Segall plays expertly at keeping the listener on their toes. Around every corner may be some face warping breakdown, relentless cymbals and suffocating distortion making it all the tastier. When you finally reach the climax of “Let It Live,” you feel as if you’ve just taken a rollercoaster ride to the stratosphere, and all that’s left is the fall. Even in returning to the regular melody, tiny breaks in the track make every return a sternum shaking backfire out of Satan’s lowrider.

While there are only two instrumentals on the record (The dubious groove “Sleestak” and the 13 minute ear blistering come down that is “II”) they represent the thesis of the record writ large: Rock as hard as you possibly f*cking can. This record can never be played loud enough. Though the sinister whimsy is prevalent, it’s not all mowing down demons. Moments like those in the first minutes of “Silent Sits the Dust Bowl” betray the deft hand that holds the gnarled pick, as well as the ear for composition.

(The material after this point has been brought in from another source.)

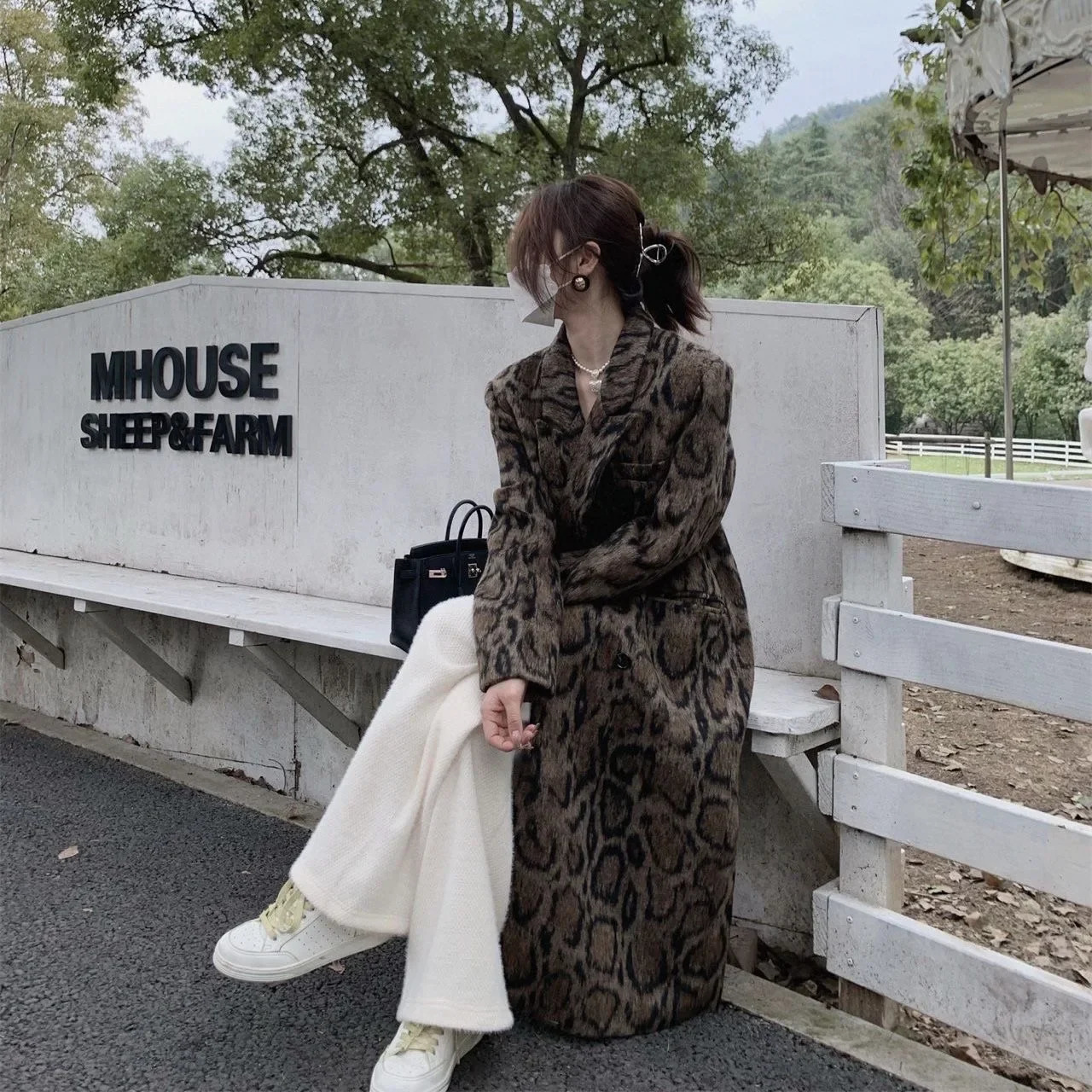 Double layer leopard print womens wool coat winter loose silhouette mid length wool coat trend 241007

Ty Segal’s Fuzz looks to dustier paragons of noise like Sabbath, Wolfmother, The Hives and The Eagles of Death Metal and says “we’ll take it from here.” The sounds born within the mildewed and crawling horror swamp that is Segal’s musical brain can only be truly appreciated in the context of honestly curious rock exploration. When you’re talking about pushing the guitar to its structural and audial limits, about reaching to the very corners of our musical expectations and poking a finger over the line, Ty Segall is the only one we millennials can claim for our own. Like the artful goofballs of old (Bowie, Reed) Segall is relentlessly catapulting himself from project to project, with no love lost in between.